(MATERIAL FOR THIS TASK begins)

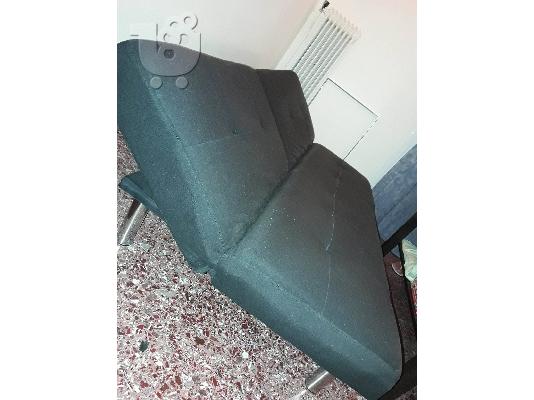 Καναπές κρεβάτι 3 θέσιος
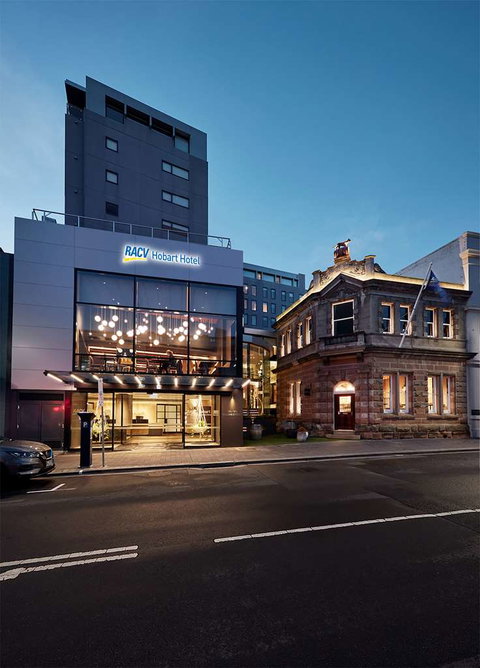 RACV Hobart Hotel - Tourism Adelaide 0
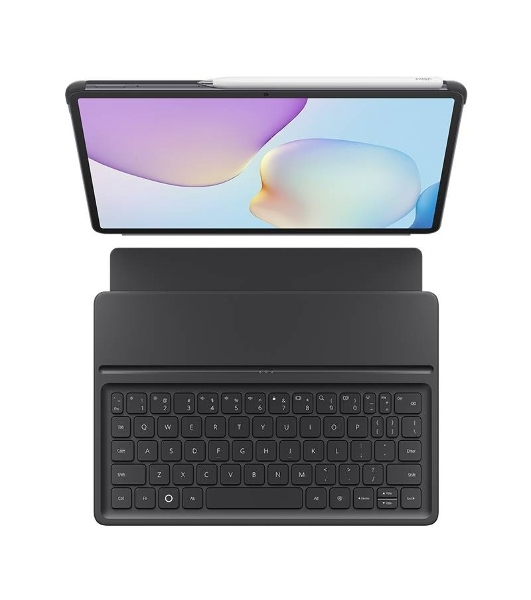 Планшет Huawei MatePad +KB 11.5', 8Gb, 128Gb, Wi-Fi, HarmonyOS 4.3, серый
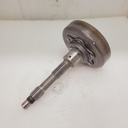 ARCTIC CAT-clutch drum/shaft-0823-556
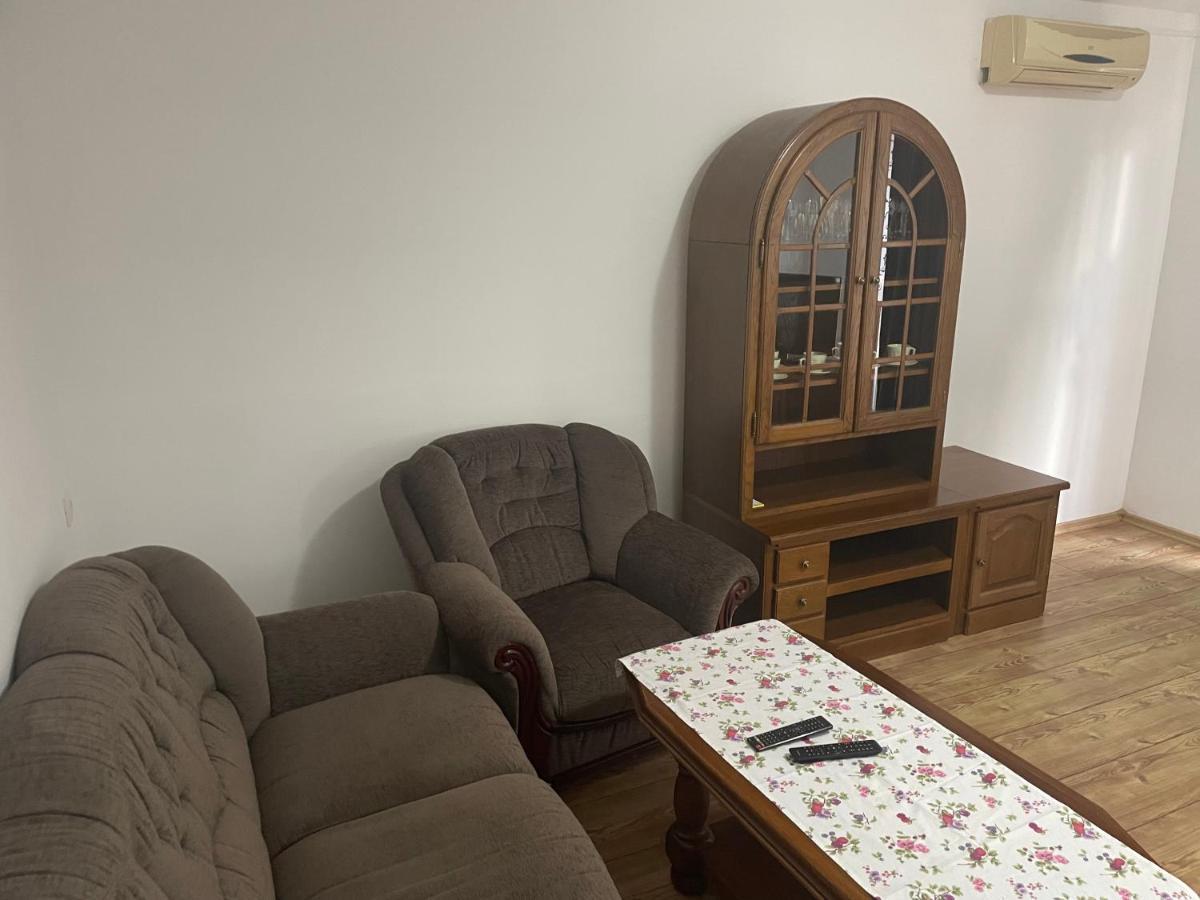 Family Resort Trapisti Banja Luka Exteriér fotografie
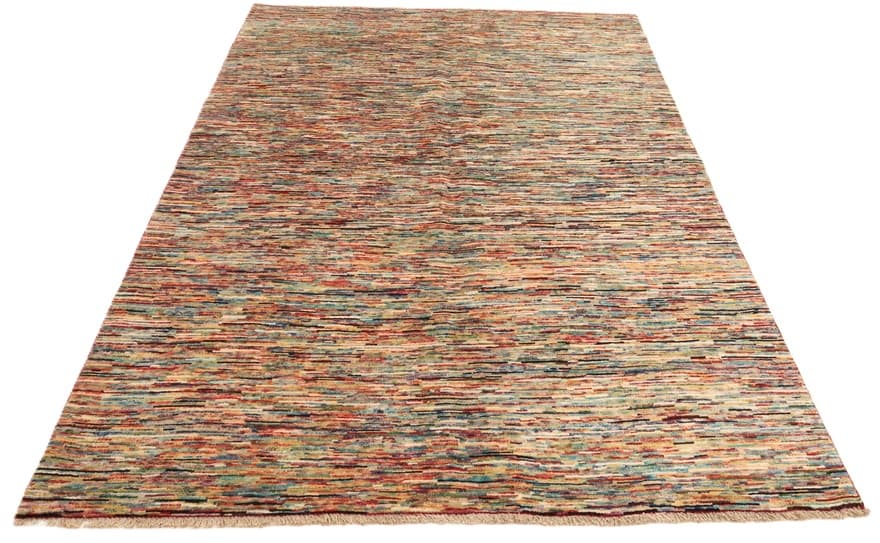 Gabbeh Teppich 231x170 - Image 4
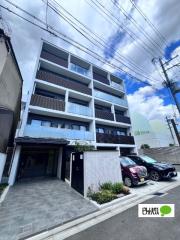クレストタップ京都丹波口
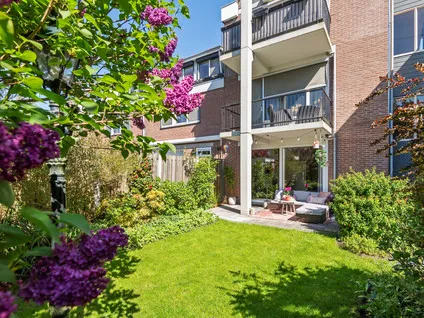 Appartement te koop: Trekvalk 40, Vogelbuurt Veenendaal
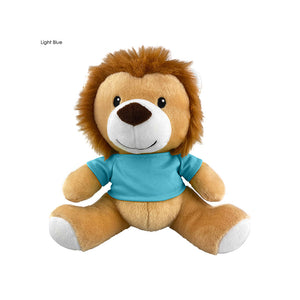 Lion Plush (DEPL005)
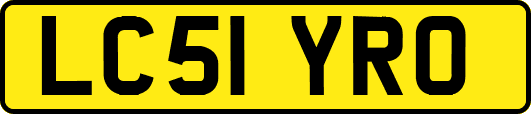 LC51YRO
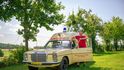 Mercedes-Benz 230.6 Binz Mercedes-Benz 230.6 Binz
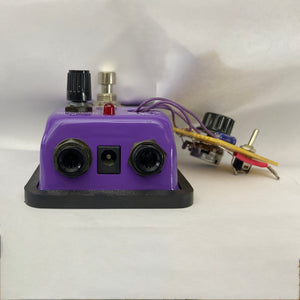 GUYATONE SV2 Slow Volume *modified* <p>(B-STOCK)</p>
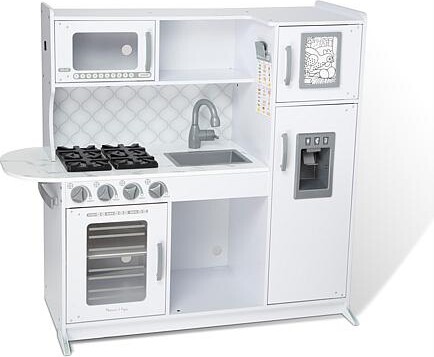 Melissa & Doug Chef's Kitchen - Cloud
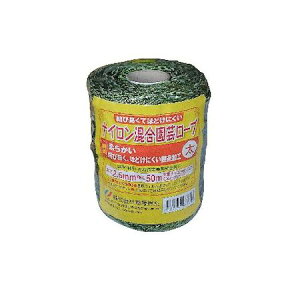 4560454971357 �֓��Q�� �i�C�����������|���[�v �� 50m�� 2�D5mm �O���[��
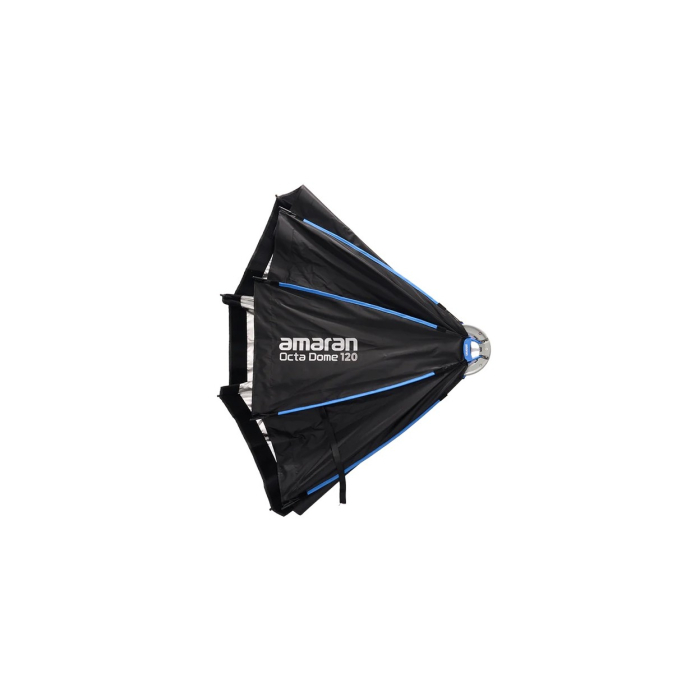 Softbox amaran Octa Dome 120 - Chính hãng Softbox amaran Octa Dome 120 - Chính hãng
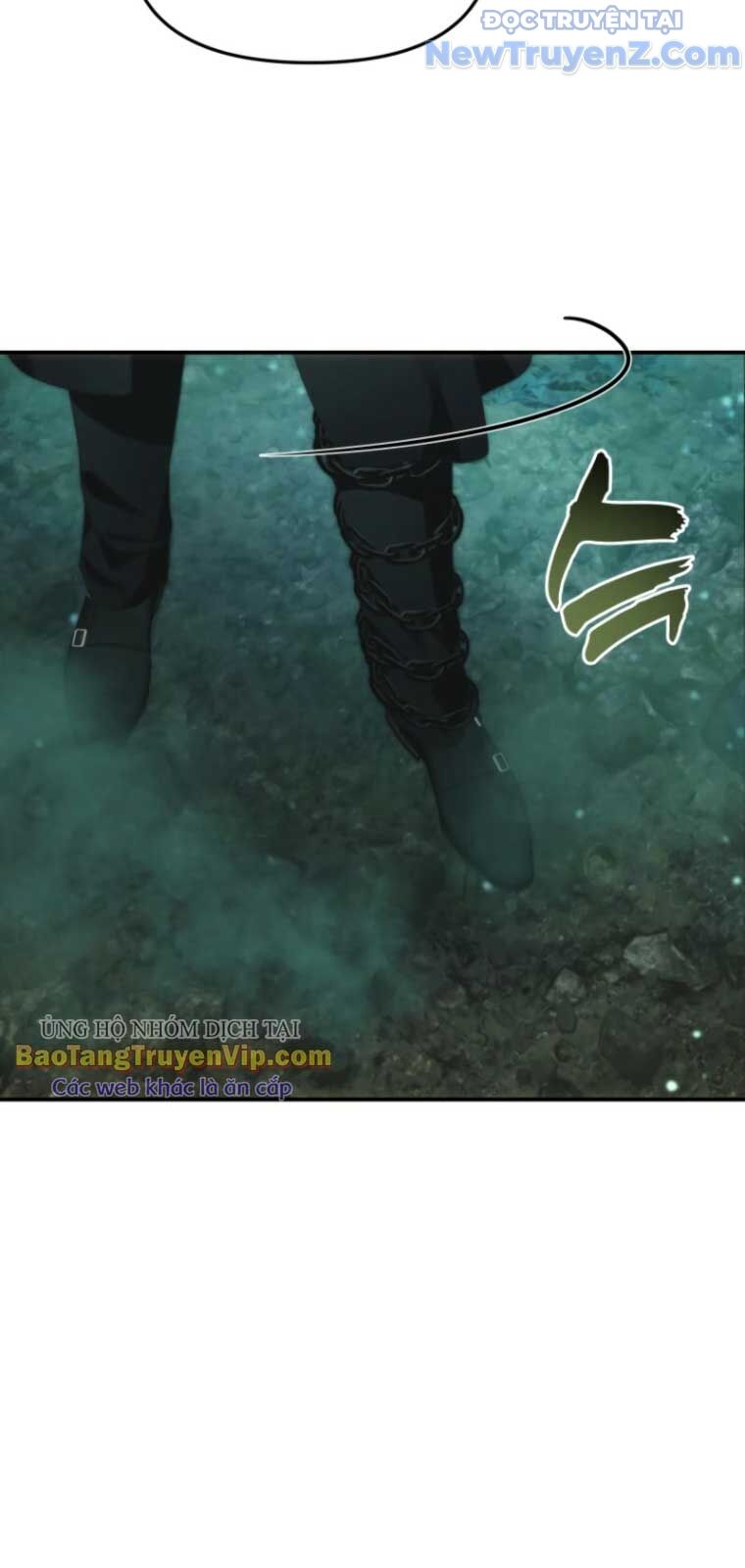 Vua Thăng Cấp Chap 204 - Next Chap 205
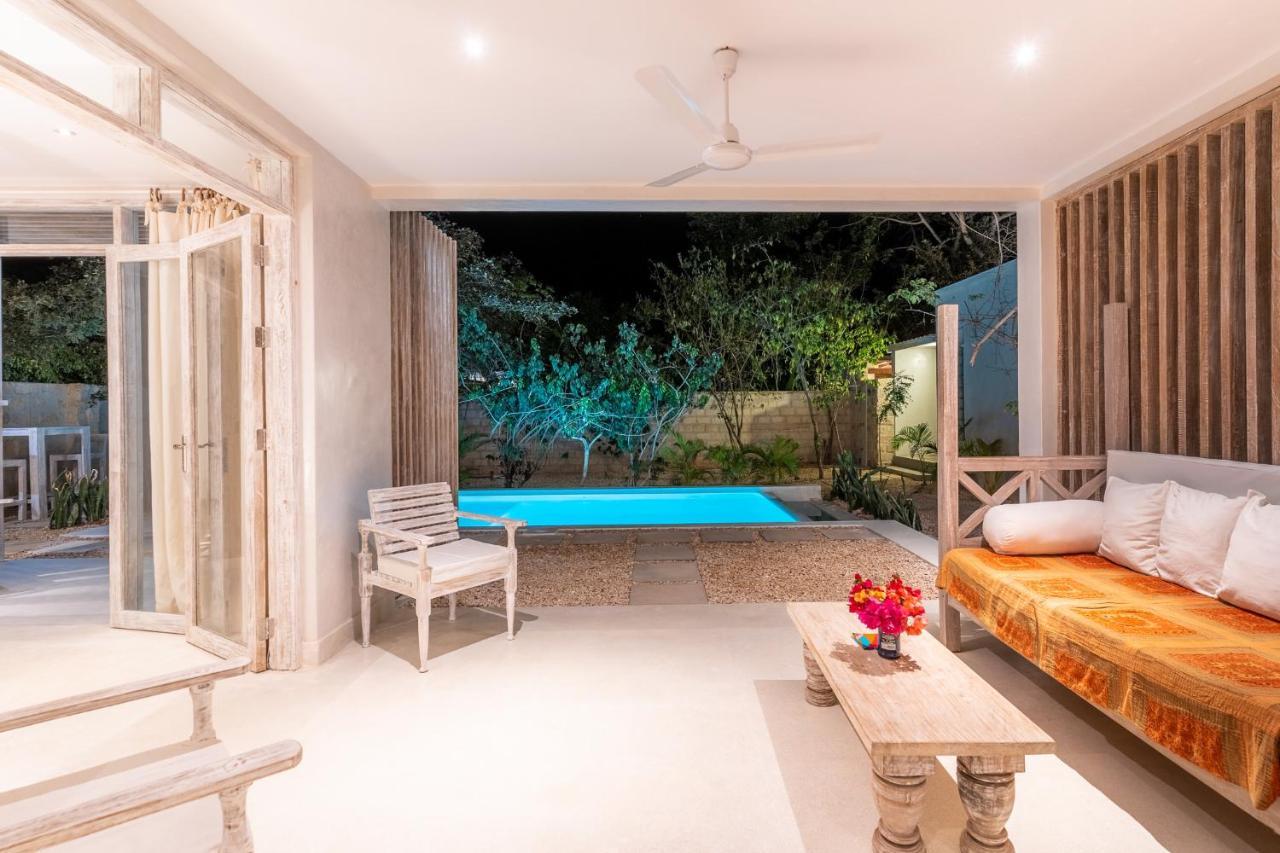 Saffron Villas Diani Beach Εξωτερικό φωτογραφία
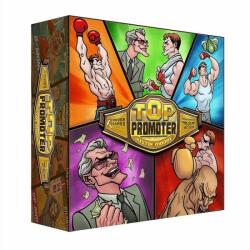 Self Published Top Promoter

(MATERIAL FOR THIS TASK ends)

**WORK INSTRUCTION:**
Reproduce, with the pictures omitted, exactly those lines that run from the line with "ARCTIC CAT-clutch drum/shaft-0823-556" to the last line of the material, both ends included.

**RESULT OF THIS EXERCISE:**
 ARCTIC CAT-clutch drum/shaft-0823-556
 Family Resort Trapisti Banja Luka Exteriér fotografie
 Gabbeh Teppich 231x170 - Image 4
クレストタップ京都丹波口
 Appartement te koop: Trekvalk 40, Vogelbuurt Veenendaal
 Lion Plush (DEPL005)
 LC51YRO
 Mercedes-Benz 230.6 Binz Mercedes-Benz 230.6 Binz
 GUYATONE SV2 Slow Volume *modified* <p>(B-STOCK)</p>
 Melissa & Doug Chef's Kitchen - Cloud
 4560454971357 �֓��Q�� �i�C�����������|���[�v �� 50m�� 2�D5mm �O���[��
 Softbox amaran Octa Dome 120 - Chính hãng Softbox amaran Octa Dome 120 - Chính hãng
 Vua Thăng Cấp Chap 204 - Next Chap 205
 Saffron Villas Diani Beach Εξωτερικό φωτογραφία
 Self Published Top Promoter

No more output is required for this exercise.